By NEIL ROLAND   |   June 9, 1986

WASHINGTON -- An overly ambitious flight schedule and too much emphasis on image and politics stretched NASA's personnel and equipment resources to the limit in the months before the Challenger disaster, the Rogers Commission report said Monday.

In trying to meet a goal of 24 flights in 1985 and 1986, NASA's reduced staff was overworked, crew training became 'compressed' into unacceptably short periods and the supply of spare parts grew 'critically short,' the commission said in its report on what caused the Challenger disaster.

Numerous last-minute pre-flight changes, such as the additions of Sen. Jake Garn, R-Utah, and Rep. Bill Nelson, D-Fla., to shuttle crews in 1985 and early 1986, diverted staff attention from far more important concerns, the report said.

Flight preparations became so rushed that lessons learned from one flight were not applied to the next, the commission said.

'Had we not had the accident,' astronaut Henry Hartsfield told the commission in April, 'we were going to be up against a wall ... For the first time, somebody was going to have to stand up and say we have got to slip the launch because we are not going to have the crew trained.'

Horace Lamberth, director of shuttle engineering at the Kennedy Space Center, told the commission in March, 'We would have been brought to our knees' by the spare parts problem by the spring of 1986.

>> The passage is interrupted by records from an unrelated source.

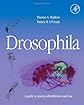 Drosophila: A Guide to Species Identification and Use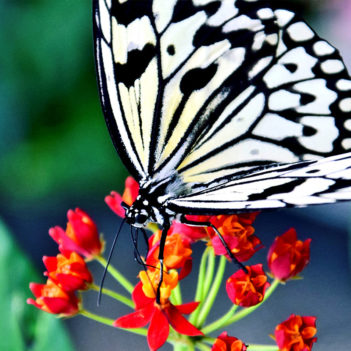 bw_butterfly_wings_1600.jpg_2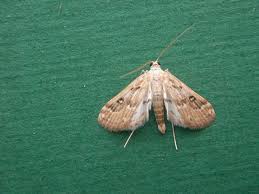 Attēlu rezultāti vaicājumam “Parapoynx stratiotata”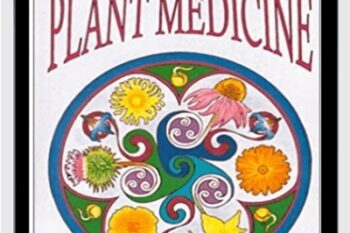 Making Plant Medicine - Richo Cech
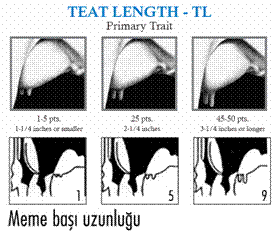 meme başı büyüklüüğü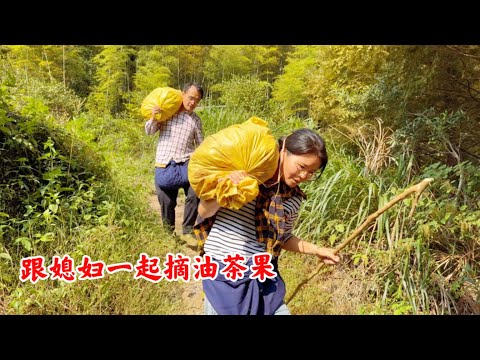 农村婆婆跟儿媳同住，儿媳不让婆婆去摘油茶果了，看婆媳如何相处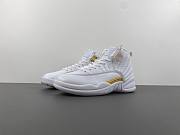 Air Jordan 12 “Phantom”  FD9101-007 - 6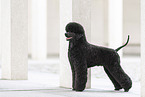 Giant Poodle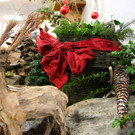 KOE_Adventmarkt Haus Schillerstrasse 13.jpg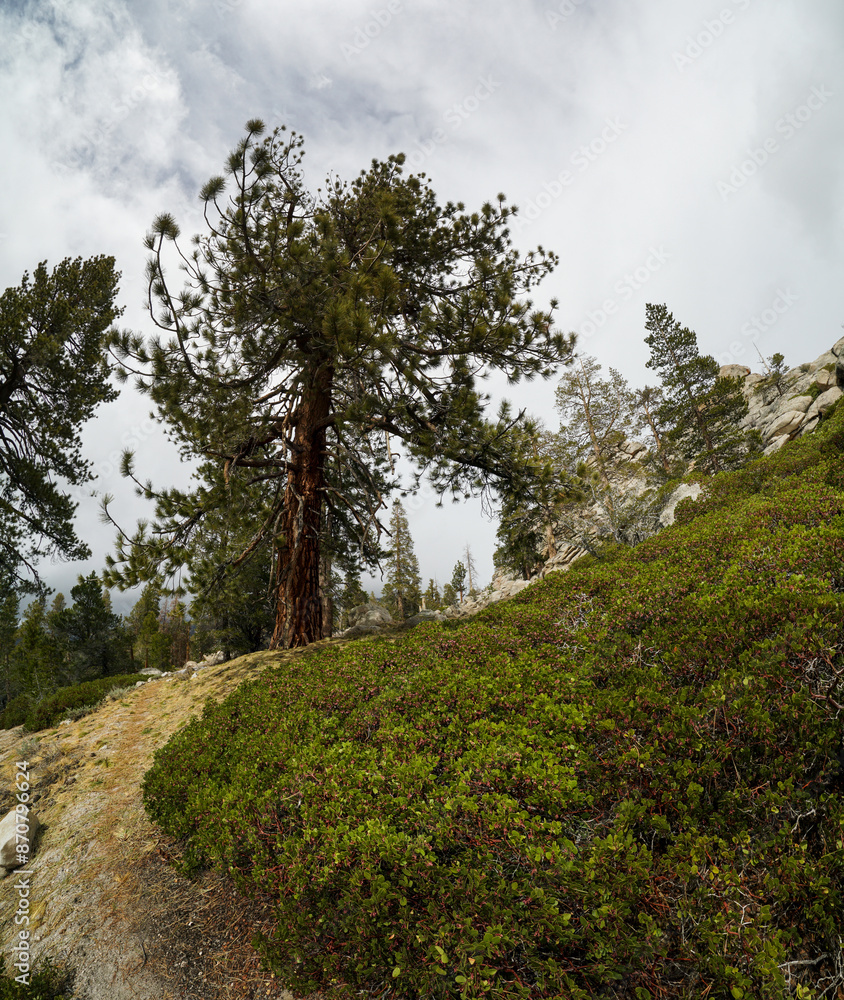 A tree is growing on a hillside with a lot of green bushes around it A tree is growing on a hillside with a lot of green bushes around it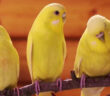 Intelligent Canaries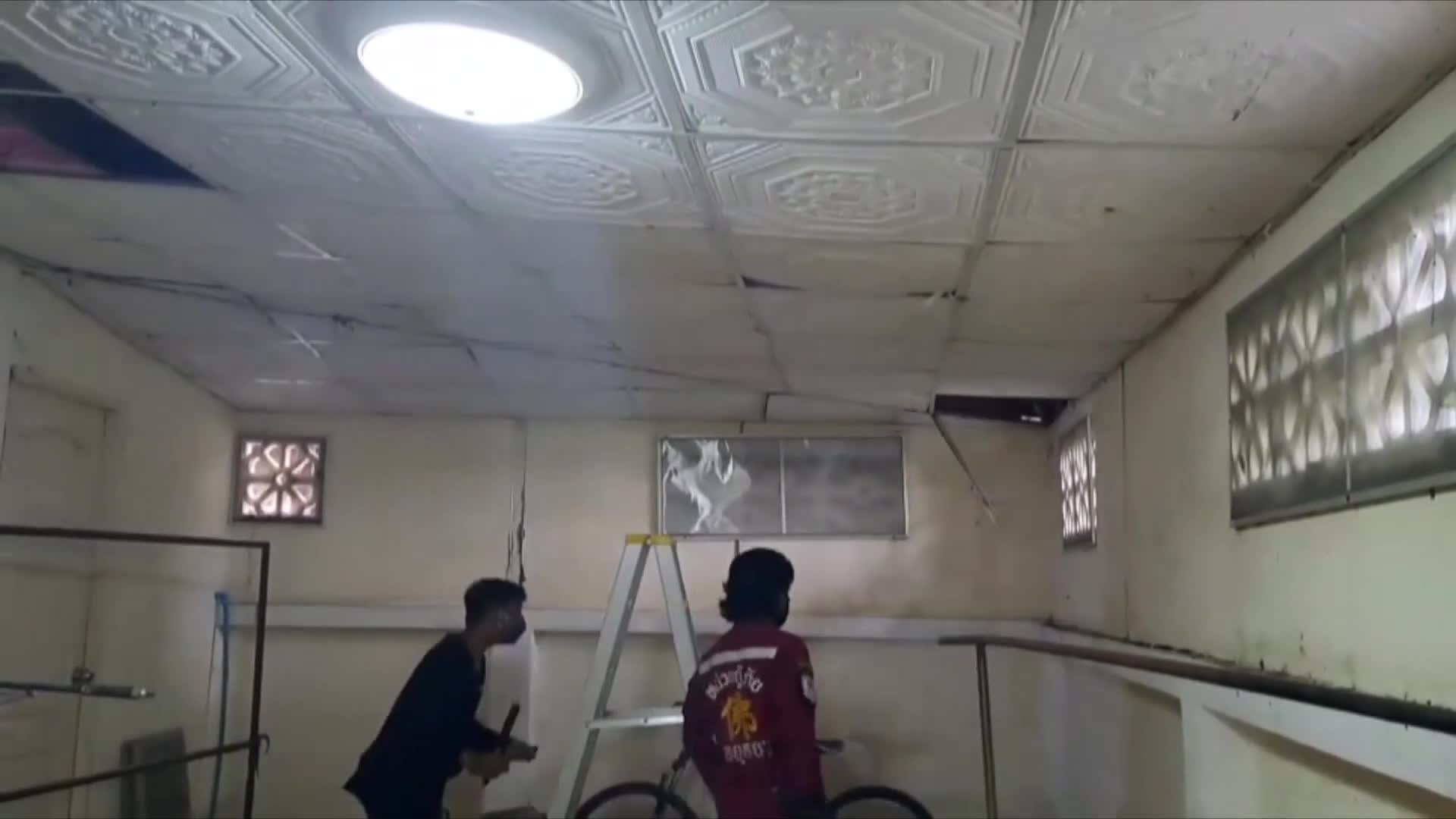 Video - Clip: Kịch tính màn vây bắt thằn lằn 'khổng lồ' trốn trên trần nhà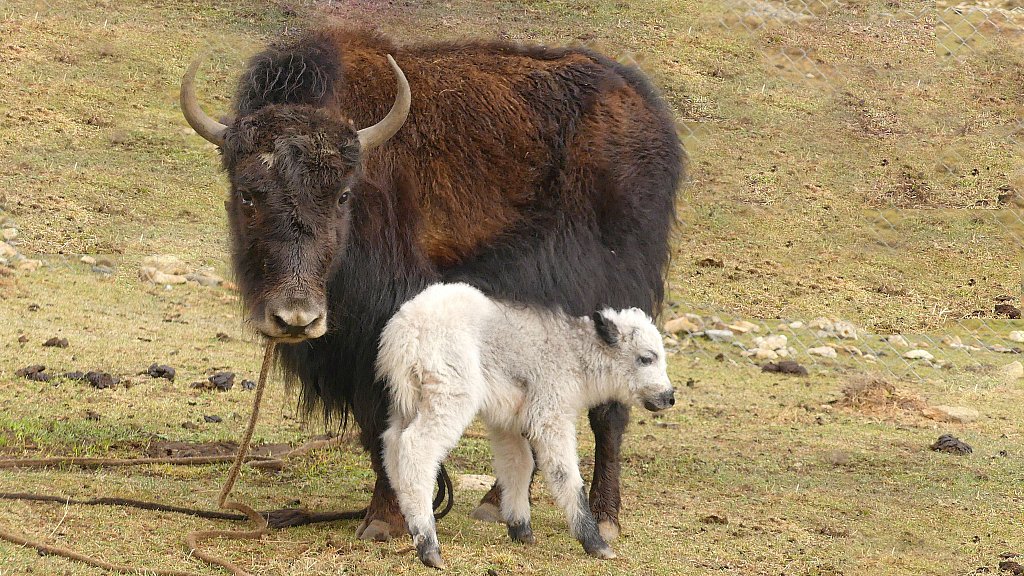Yak-Mutter und Baby - Nepal - Flora und Fauna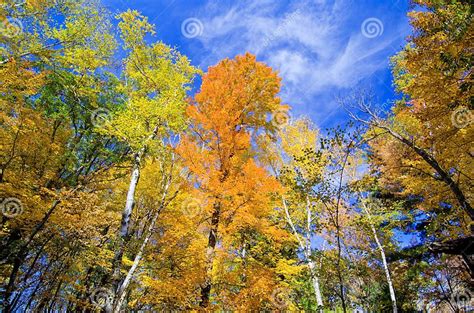 Aspen And Maple Forest Autumn Stock Photo Image Of Light Forest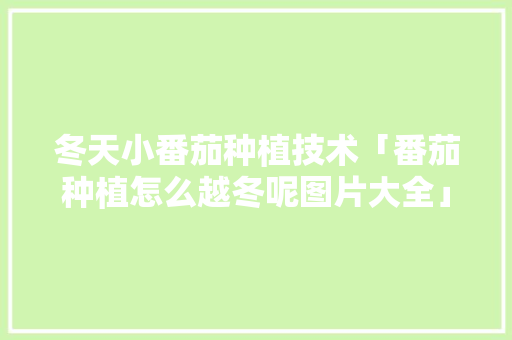 冬天小番茄种植技术「番茄种植怎么越冬呢图片大全」 冬天小番茄种植技术「番茄种植怎么越冬呢图片大全」 花朵知识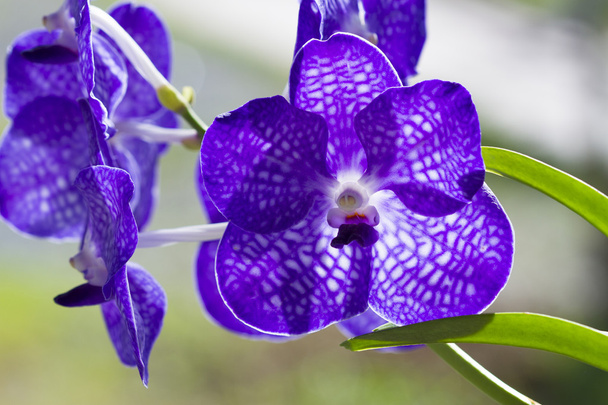 Orquídeas
 - Foto, Imagem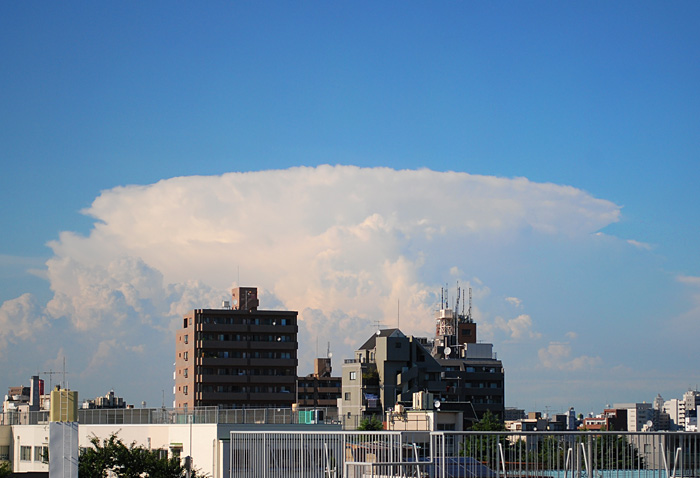 c0009981_1634035.jpg
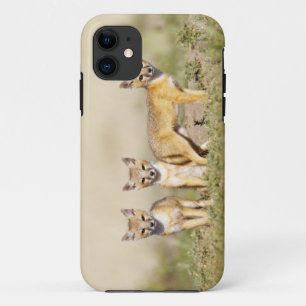 Swift Vos (Vulpes macrotis) jong bij hol, 3 iPhone 11 Hoesje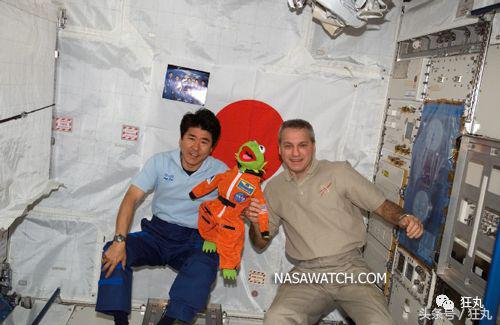 你知道青蛙旅行好玩，但不一定知道真正的青蛙早就玩过太空7日游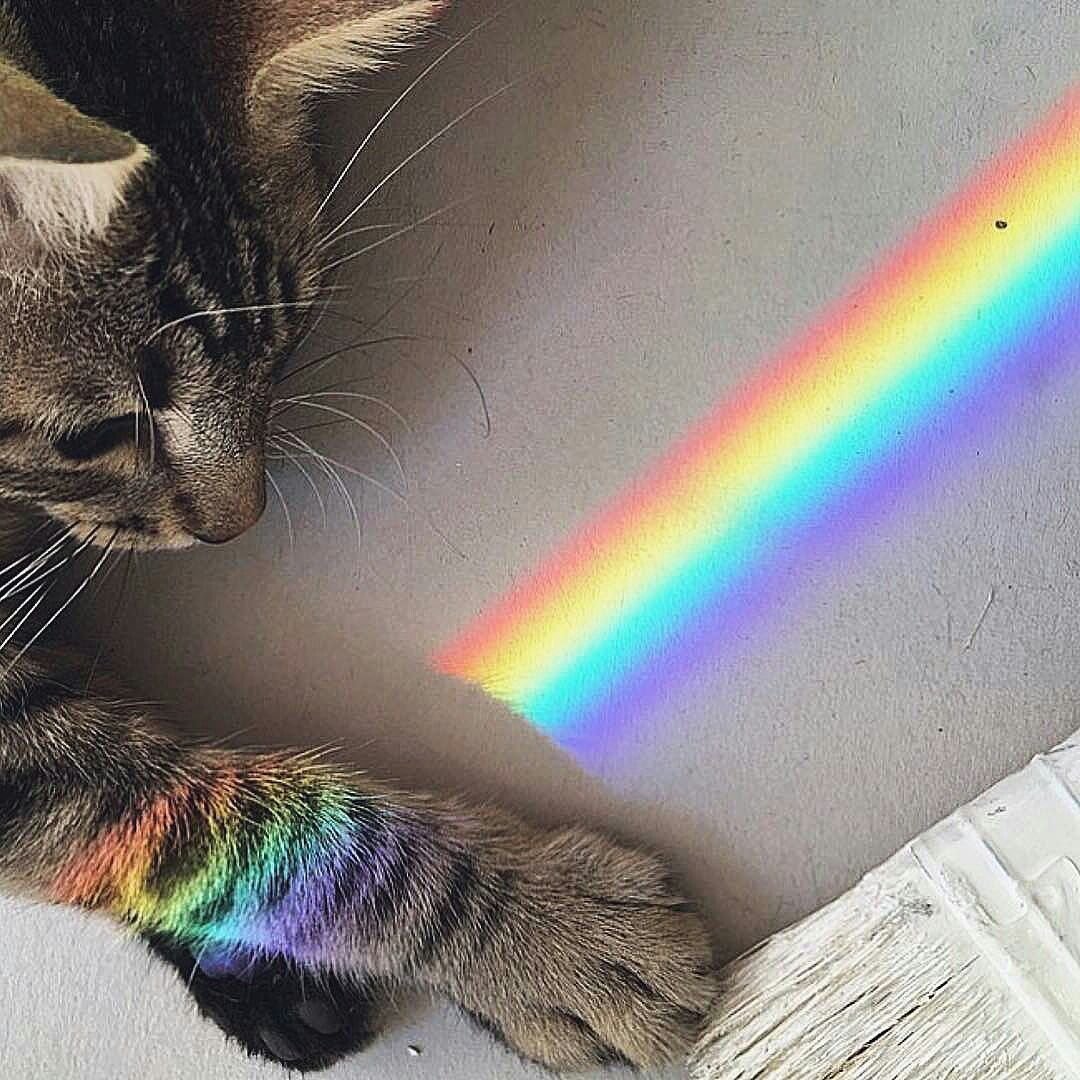 Котенок с крылышками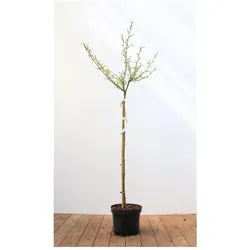 Alnus glutinosa 'Imperialis', Schwarzerle, 80 cm Stammhöhe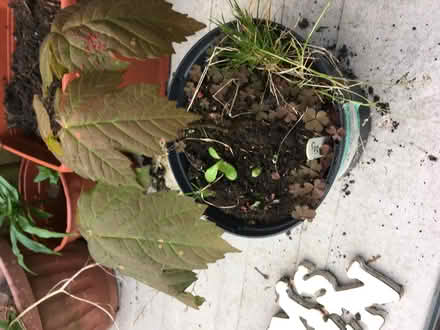 Photo of free Acer trees (Molesey KT8) #2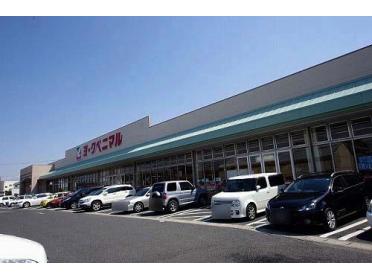 ｻﾝﾄﾞﾗｯｸﾞ 宇都宮石井店：225m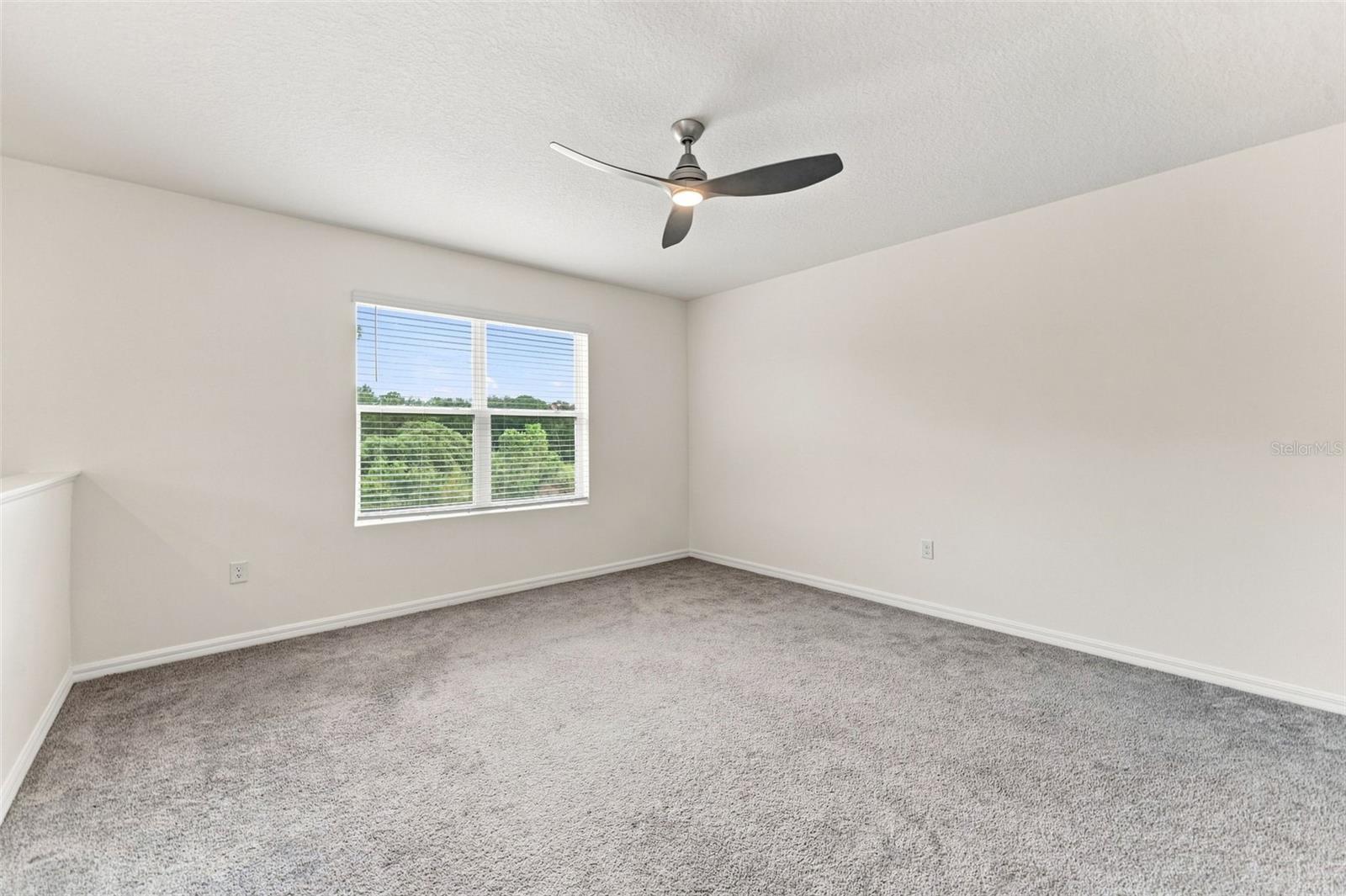 33367 APRICOT TREE CT — photo 17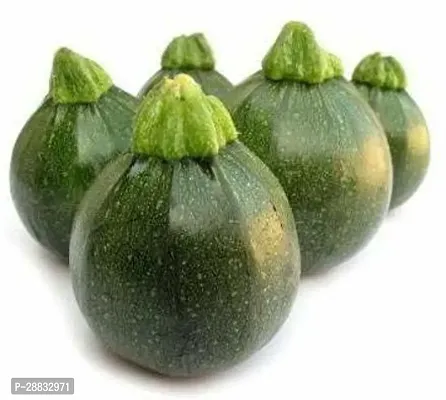 Baishnab kaddu seeds 20 per packetChapan Kaddu Hybrid Vegetable Seeds   C341820PIECE-thumb2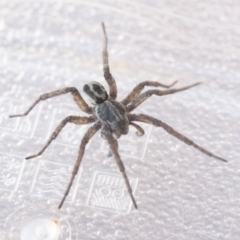 Lycosidae (family) (Wolf spider) at Higgins, ACT - 30 Aug 2020 by AlisonMilton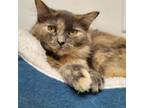 Adopt Micah a Dilute Tortoiseshell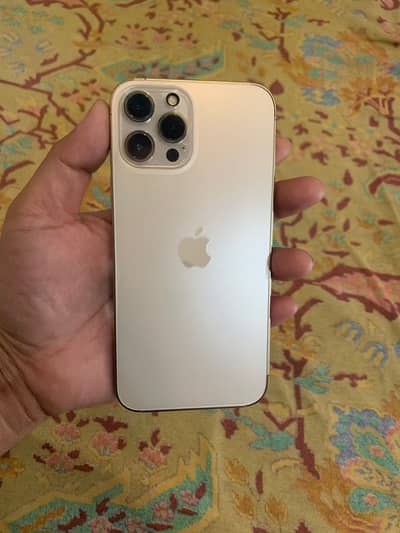 iPhone 12 pro max 86 health waterpack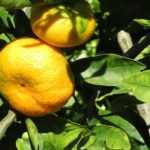 Mittelmeer-Mandarine: pflanzen, pflegen, ernten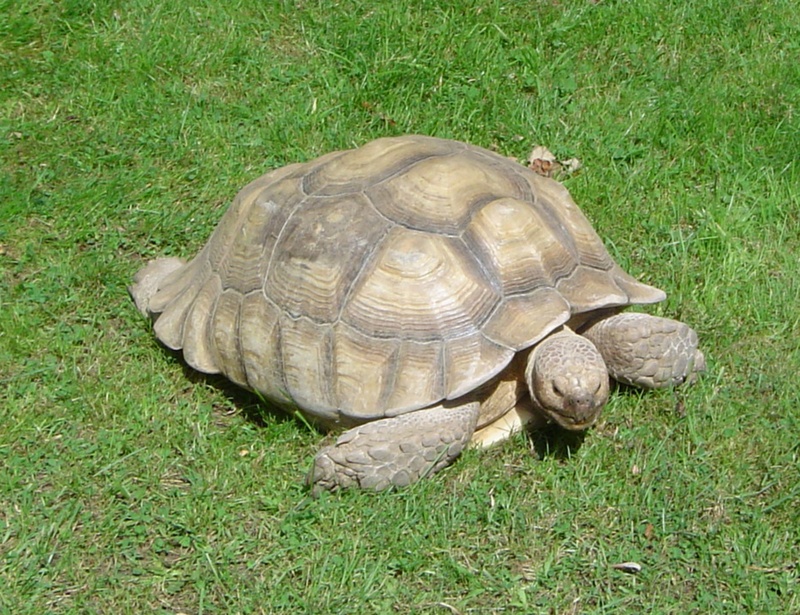 land turtle, field, high angle view, green color, animal shell, reptile, hard, zoo, close-up, land, no people, animals in the wild, one animal, 1080P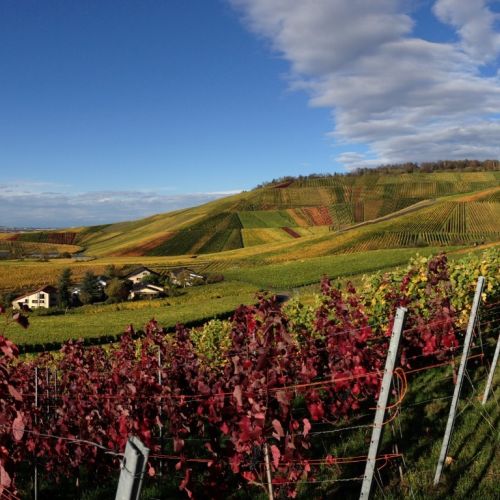 Panoramaaufnahme der Weinberge des Weingut Aldinger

Worker fatigue contributed to a 'serious incident' involving 'liquid oxygen depletion' that occurred less than five minutes before the scheduled liftoff of the shuttle Columbia Jan. 6, the commission said.

The commission faulted NASA managers for rushing to advance the shuttle from a 'research and development' phase, in which careful attention was given to each flight, to an 'operational' stage in which adherence to the schedule became pre-eminent.

'Managers may have forgotten,' the commission said, 'partly because of past success, partly because of their own well-nurtured image of the program, that the shuttle was still in a research and development phase ... In many respects, the system was not prepared to meet an 'operational' schedule.

'The capabilities of the system were stretched to the limit to support the flight rate in winter 1985-1986.'

In 1985, NASA published a projection calling for an annual rate of 24 flights by 1990.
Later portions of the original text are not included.